Podemos constatar essa mudança no panorama de nossa cidade ao observarmos pessoas como Mara Gabrilli, a vereadora mais votada da cidade de São Paulo e deputada federal, tetraplégica; Alan Cortez de Lucena, advogado, paraplégico; Roberto Beleza, membro da Comissão Permanente de Acessibilidade do Município de São Paulo e da Secretaria Municipal da Pessoa com Deficiência e Mobilidade Reduzida de São Paulo (SMPED); Rodrigo Mendes, superintendente do instituto que leva seu nome e que disponibiliza um projeto inclusivo para pessoas interessadas em arte a partir dos 14 anos; Ricardo Hodish - engenheiro de produção, paraplégico -, Silvana Serafino Cambiaghi - arquiteta e paraplégica especialistas em acessibilidade - e Cid Torquato, advogado, paraplégico, ex- coordenador de relações institucionais da Secretaria de Estado dos Direitos da Pessoa com Deficiência de São Paulo e atual secretário adjunto da mesma secretaria.

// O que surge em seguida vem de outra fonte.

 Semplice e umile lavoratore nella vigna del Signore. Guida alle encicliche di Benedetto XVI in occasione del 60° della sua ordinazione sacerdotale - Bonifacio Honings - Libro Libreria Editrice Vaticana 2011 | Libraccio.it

Como podemos observar temos várias pessoas com necessidades especiais inseridas na sociedade, produtivas e ocupando cada vez mais lugares de destaque no mercado de trabalho.

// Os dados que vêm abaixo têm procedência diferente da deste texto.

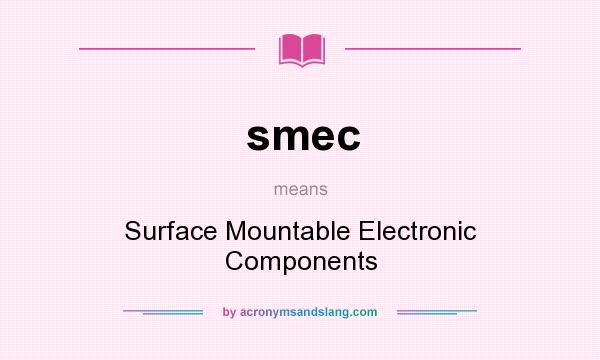 What does smec mean? It stands for Surface Mountable Electronic Components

Fica então uma pergunta: o que a categoria dos cirurgiões-dentistas tem feito para possibilitar esta inclusão social?

A resposta é a de que temos enfrentado várias lutas em prol da inclusão e ampliação no acesso ao tratamento odontológico de pessoas com necessidades especiais. Desde 2001, quando a especialidade foi reconhecida pelo Conselho Federal de Odontologia - CFO, vários cirurgiões-dentistas se especializaram na área – hoje somos, segundo dados do CFO, 560 no país, dos quais 181 estão no Estado de São Paulo. Um de nossos objetivos é que a disciplina de Odontologia para Pacientes com Necessidades Especiais volte a integrar o currículo de graduação das universidades, para que os profissionais formados estejam habilitados a atender esse universo que hoje é de cerca de 45,6 milhões de pessoas - 23,9% da população; cerca de 38.5 milhões de deficientes vivem em áreas urbanas e 7.2 milhões vivem áreas rurais. De acordo com o último censo 18,8% têm deficiência visual; 7%, deficiência motora; 5,1% deficiência auditiva e 1,4% deficiência mental/intelectual (Fonte: jornal O Estado de S. Paulo, 2010).

O conceito de humanização pressupõe a oferta de atendimento de qualidade, articulando os avanços tecnológicos com acolhimento, melhoria dos cuidados e das condições de trabalho dos profissionais. Se cada um de nós fizer a sua parte, poderemos reconstruir um mundo no qual sentimentos, crenças e valores sejam respeitados. Assim a humanização estará inserida no processo, sendo parte essencial do mesmo. A consequência dessas ações será um mundo em que as diferenças, pouco a pouco, deixarão de ser sentidas como obstáculos para obtenção da excelência nos serviços oferecidos aos pacientes com necessidades especiais.

Eu estou fazendo a minha parte! E você? Está fazendo a sua?

Junte-se a nós! Dê mais um passo e abrace esta causa! O mundo agradece!